The Commission recommends that should such reforms be made to address vertical fiscal imbalance and horizontal fiscal equalisation, the States should make greater use over the longer term of access to the Personal Income Tax base to fund their expenditure responsibilities. This includes support for local government.
In the interim, to the degree that the Commonwealth continues to provide grants to local governments, these should be untied, rather than tied to particular activities. This would give local government clearer responsibility for delivering local services and greater accountability to the communities they serve.
The Commonwealth’s largest source of funding to local government is through untied Financial Assistance Grants, composed of general purpose grants ($787.3 million in 2013‑14) and untied roads funding ($349.3 million in 2013-14). Funding in 2013-14 is lower than trend and reflects a decision by the former Government to bring forward $1.1 billion from 2013-14 to be paid in 2012-13.
Both components of Financial Assistance Grants are paid to the States to be passed onto local government.
The Commonwealth also provides a broader range of small tied grants to local and State governments. While funding for these programmes is often on a short-term and terminating basis, and some of the programmes may have merit, whether they continue should be a matter for the State or local government.
The Safer Suburbs Programme - Taxi Security Scheme ($3.8 million over 4 years from 2013-14) aims to address crime and anti-social behaviour around taxi ranks by providing grants for community safety measures, including installation of Closed Circuit Television systems, improved street lighting and youth diversion programs. In 2013, the programme was extended to cover grants for measures to improve the safety of taxi drivers at taxi ranks.
The Digital Productivity Initiative ($39.2 million over 4 years from 2013-14) provides assistance to enhance the digital economy and improve levels of technology use. This includes: programmes for local government to provide online customer support, community engagement, and building and development of applications; and programmes providing assistance to universities to support the utilisation of high definition videoconferencing.
The Liveable Communities ($20 million over 2 years from 2011-12) programme was established to support improved alignment of urban planning and design with the National Urban Policy and Council of Australian Governments principles.

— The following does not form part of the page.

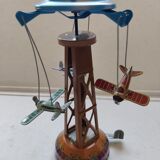 Carousel 3 metal planes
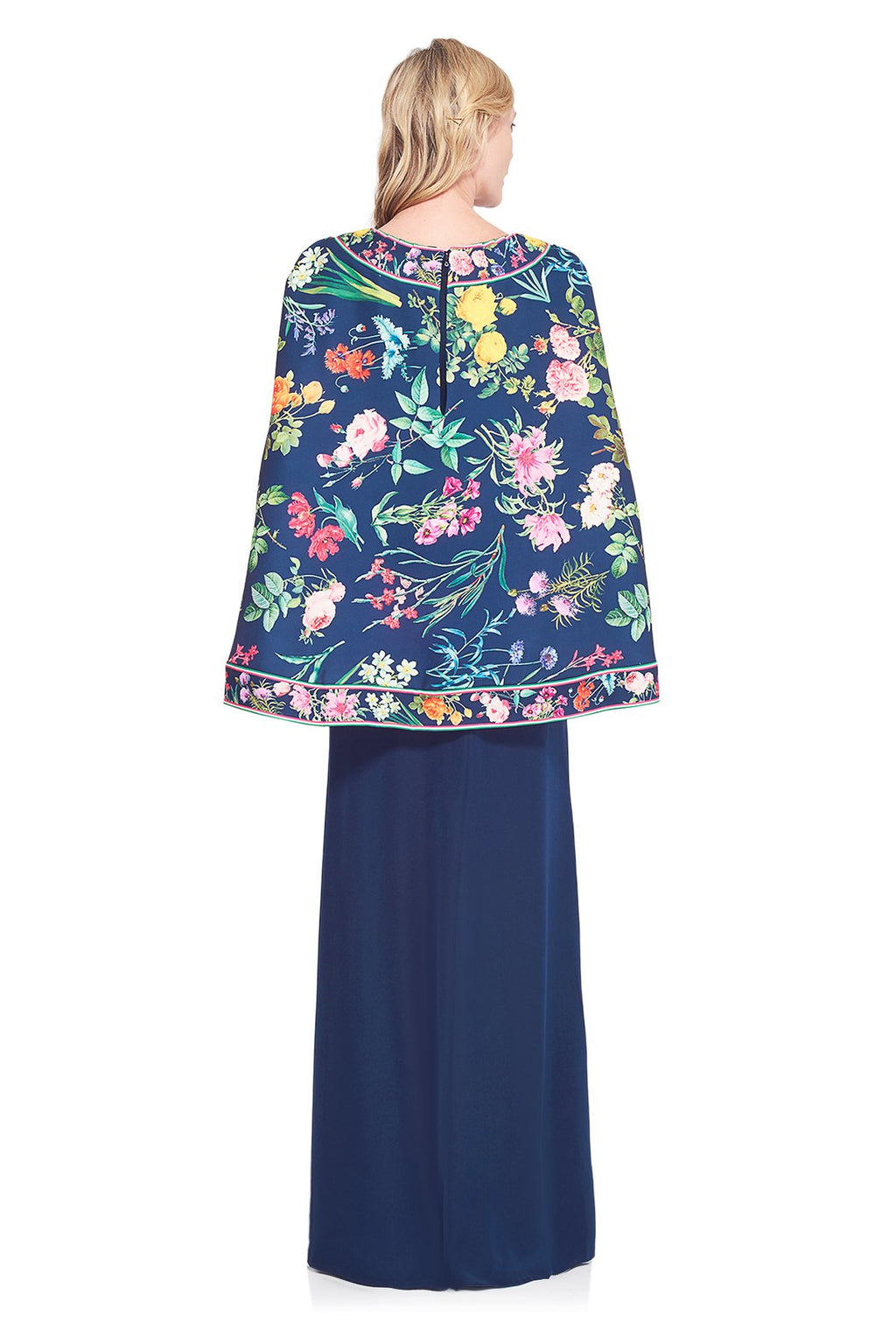 Caroline Cape Gown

This programme has now terminated.
The Commonwealth also provides a range of small tied grants to fund State government responsibilities.

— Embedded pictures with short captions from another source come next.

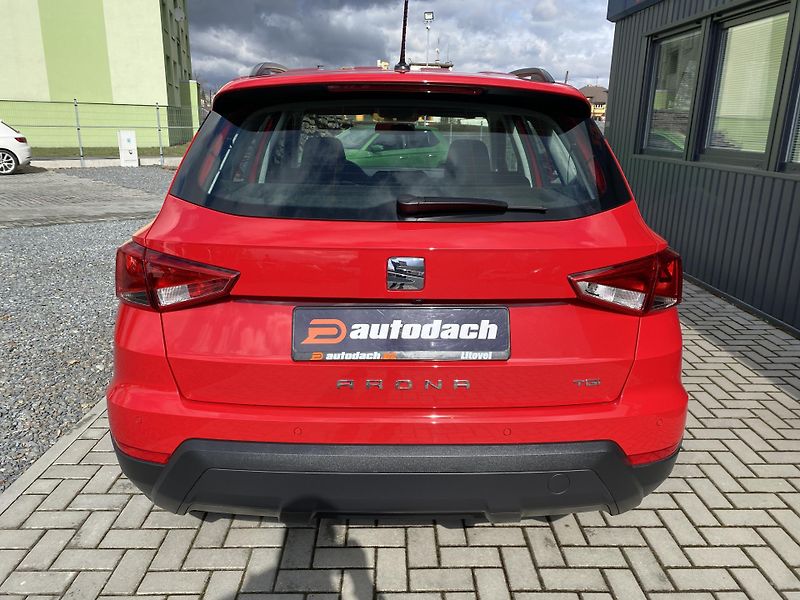 Seat Arona 1.0i 66kW- XPERIENCE- 28 500KM - fotka 4 z 40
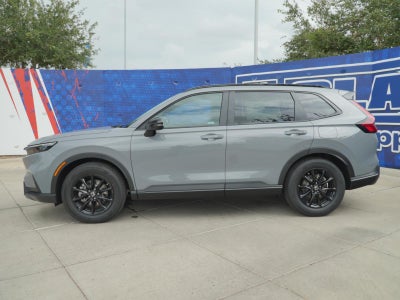 2026 Honda CR-V Hybrid Sport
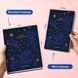Блокнот для планування "I HAVE A MAGIC PLAN mini" синій orner-3013 фото 5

Keys2drive ($11.5 million over 4 years from 2013-14) is a learner driver education programme owned and delivered by the Australian Automobile Association and state motoring clubs. Its objectives are to enhance learner driving experiences and increase safety during the first six months of the provisional period.
The Seatbelts on Regional School Buses ($3 million over 4 years from 2013-14) programme provides funding for eligible school bus operators to subsidise the installation of seatbelts on new buses or retrofit existing buses. The programme aims to increase the number of seatbelt-equipped school buses operating on high speed roads in rural and regional areas.

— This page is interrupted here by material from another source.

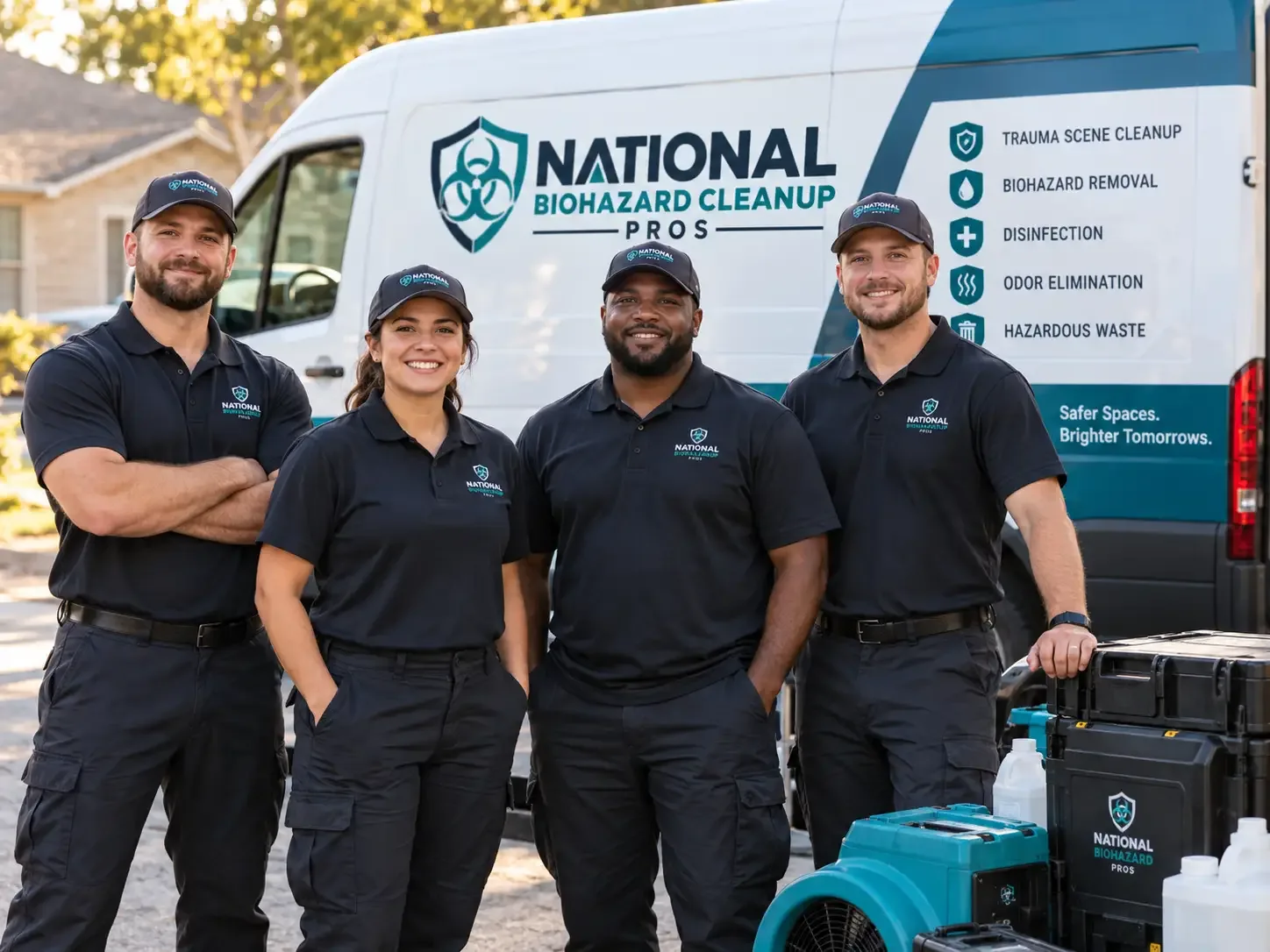 Biohazard Cleanup company in Deposit, NY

Accountability of government spending would be enhanced if these and other tied Commonwealth grants ceased, and to the extent that programmes are identified as priorities, local or State governments provide them to the communities they serve.
Recommendation 22: Payments to local government
The Commission's Phase One recommendations on addressing the degree of vertical fiscal imbalance within the Federation propose that the States have access to the personal income tax system so they are in a better position to fund their own priorities. This will include support for local government. In this situation, the need for separate tied funding from the Commonwealth will diminish.
The Commission recommends that tied grants to local governments cease, and to the extent that programmes are identified as priorities, local or State governments provide them to the communities they serve.